CAR T cells were manufactured successfully in 99 percent of patients, with an average turnaround time from apheresis to the clinical site of 17 days. As of the data cutoff date (January 27, 2017), 101 patients (91%) had received axicabtagene ciloleucel 2×106 cells/kg, following conditioning with low-dose cytarabine and fludarabine. Ten patients did not receive treatment for the following reasons: serious adverse events (AEs; n=7), no measurable disease (n=2), or product unavailability (n=1).

After a median follow-up of 8.7 months (range not provided), the ORR (primary endpoint) was 82 percent, including a CR rate of 54 percent.

As of data cutoff, 44 percent of patients maintained their response, including 39 percent of those who achieved CR, the authors noted. The median duration of response was 8.1 months (range not provided) and was not reached for patients who achieved CR. The median overall survival (OS) also was not reached during study follow-up, and the 6-month OS rate was 80 percent.
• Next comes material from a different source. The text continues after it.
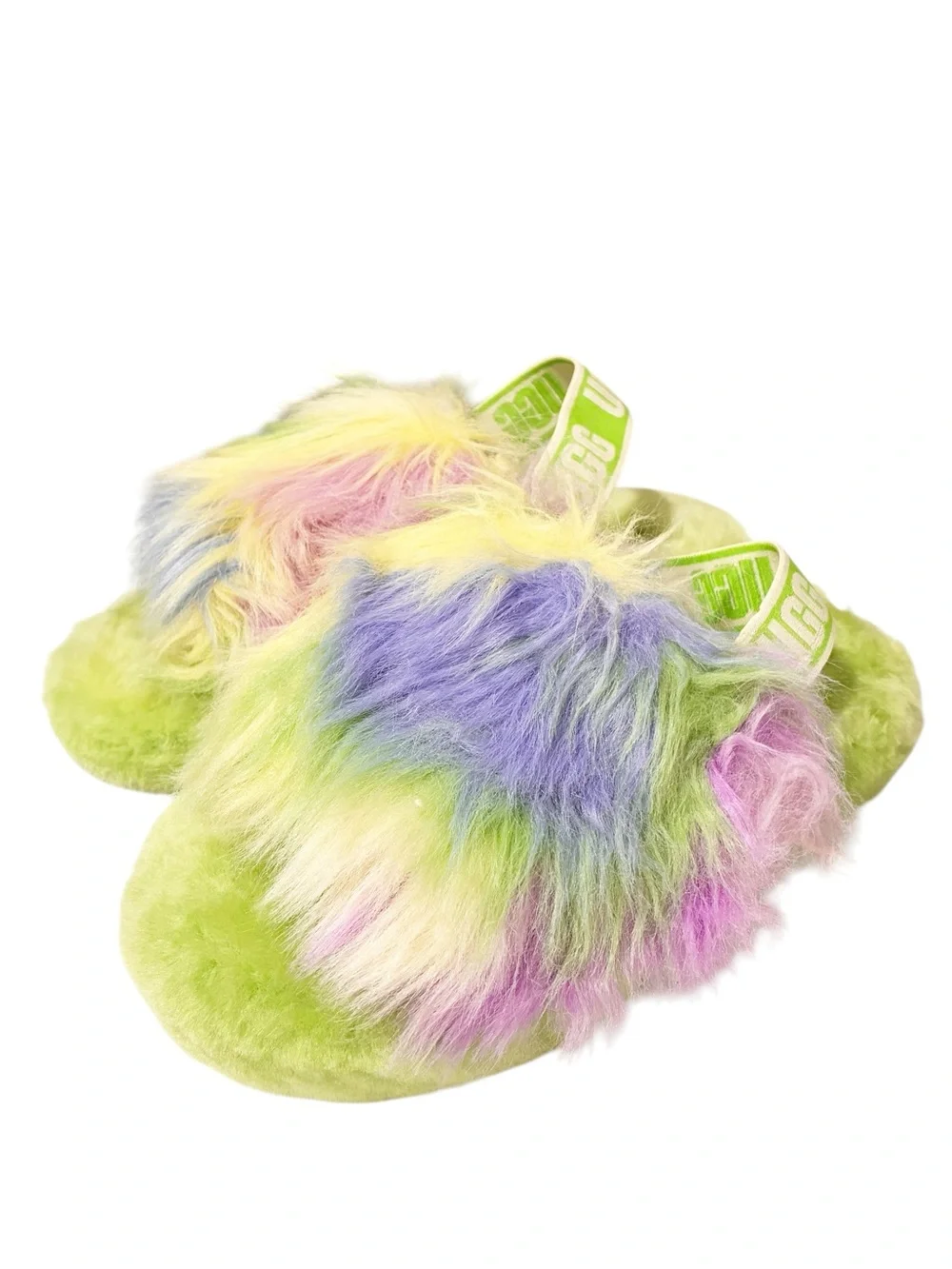 UGG Fluff Yeah Slide Magnolia Slippers Green Purple Tie Dye Kids Size 2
Response rates were consistent across disease subgroups, the authors added. Patients with germinal center B-cell (GCB) DLBCL and activated B-cell (ABC) DLBCL had similar ORR and CR rates to the general study population:

  • GCB (n=69): 88% and 57%
  • ABC (n=69): 76% and 59%

Also, levels of CD19 expression did not appear to influence response rates to this CD19-directed therapy: Of the 82 patients who were evaluable for CD19 expression (measured via immunochemistry) at the time of follow-up, 90 percent were CD19 positive; rates of ORR and CR were similar between CD19-positive and CD19-negative patients (85% and 57% vs. 75% and 50%, respectively).
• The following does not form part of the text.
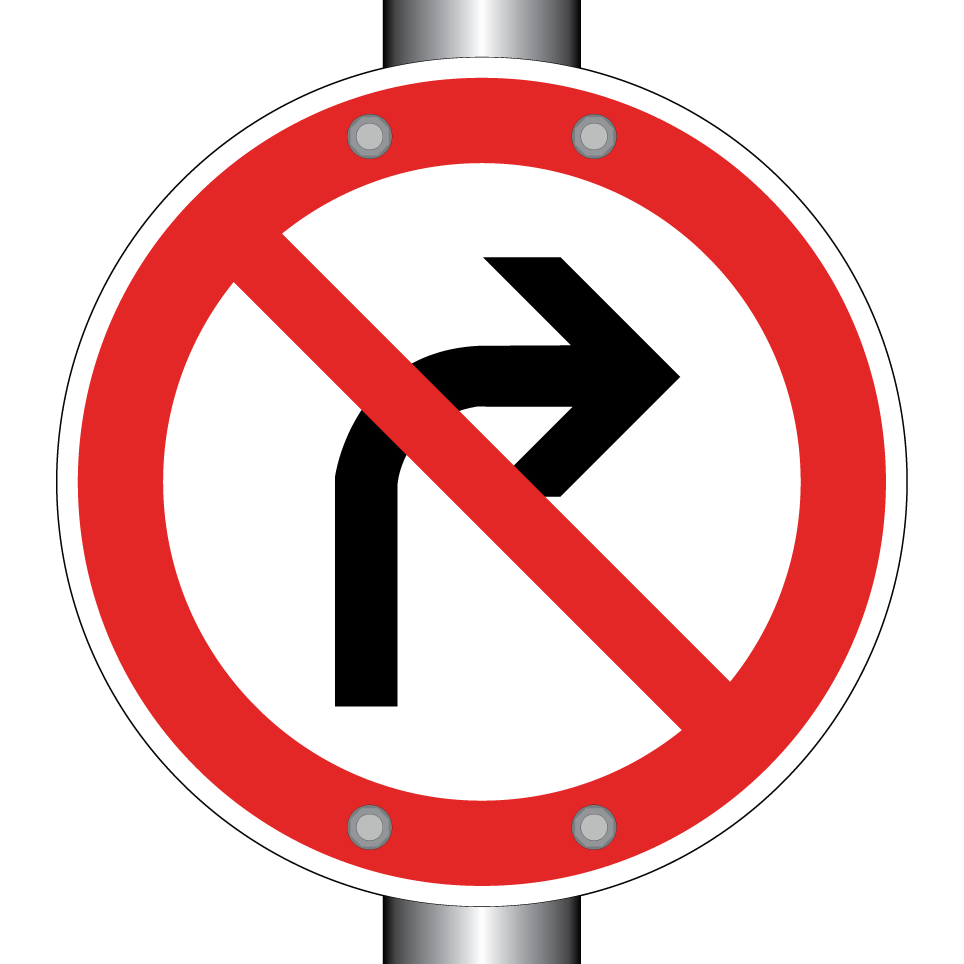 Sens interdit à droite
The most common grade ≥3 treatment-related AEs included neutropenia (66%), leukopenia (44%), anemia (43%), febrile neutropenia (31%), thrombocytopenia, (24%), and encephalopathy (21%).

Cytokine release syndrome (CRS) and neurologic toxicities were the AEs of most concern, given reports from other trials of CAR T-cell therapies. (Earlier this year, Kite Pharmaceuticals, the manufacturer of KTE-C19, reported that one patient enrolled in the safety expansion phase of ZUMA-1 died from cerebral edema, marking the first death from cerebral edema recorded in the KTE-C19 clinical trials program.) Thirteen percent and 28 percent of patients experienced severe, grade ≥3 CRS and neurologic events, respectively, but all of the events were resolved except for one grade 1 memory impairment.
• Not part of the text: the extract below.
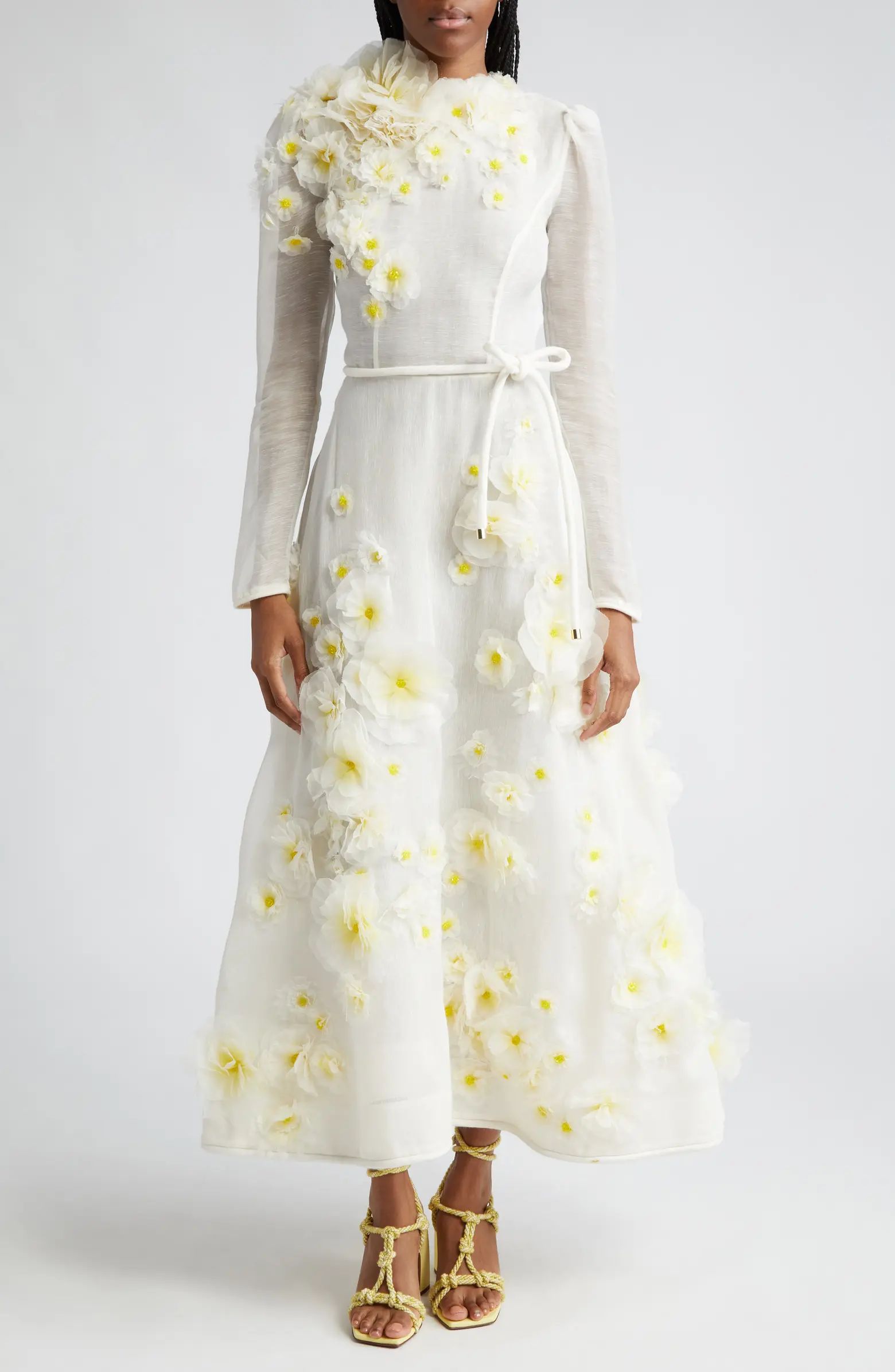 Matchmaker Daisy Linen & Silk Organza Maxi Dress | Nordstrom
In the subset of 70 patients who experienced CRS or neurologic events, 43 required treatment with tocilizumab and 27 required treatment with tocilizumab and steroids, but these treatments did not decrease the efficacy of axicabtagene ciloleucel (ORR = 84% and 78%, respectively). “These therapies kind of ‘turn off’ immune responses, but we found that patients who needed them had very similar response rates [to those who did not],” Dr. Locke said.

Three patients died during study follow-up, but, he added, “considering that these patients are without any other treatment options, we think that the risk-reward benefit is favorable.”

The study’s findings are limited by the short duration of follow-up and the single-arm design. Based on results from this trial, the manufacturers of axicabtagene ciloleucel submitted a biologics license application to the U.S. Food and Drug Administration for the treatment of patients with aggressive NHL who are ineligible for AHCT.

Dr. Locke reports research funding from Kite Pharma.


Reference

Locke FL, Neelapu SS, Bartlett NL, et al. Clinical and biologic covariates of outcomes in ZUMA-1: a pivotal trial of axicabtagene ciloleucel (axi-cel; KTE-C19) in patients with refractory aggressive non-Hodgkin lymphoma (r-NHL). Abstract #7512. Presented at the 2017 ASCO Annual Meeting, June 5, 2017; Chicago, Illinois.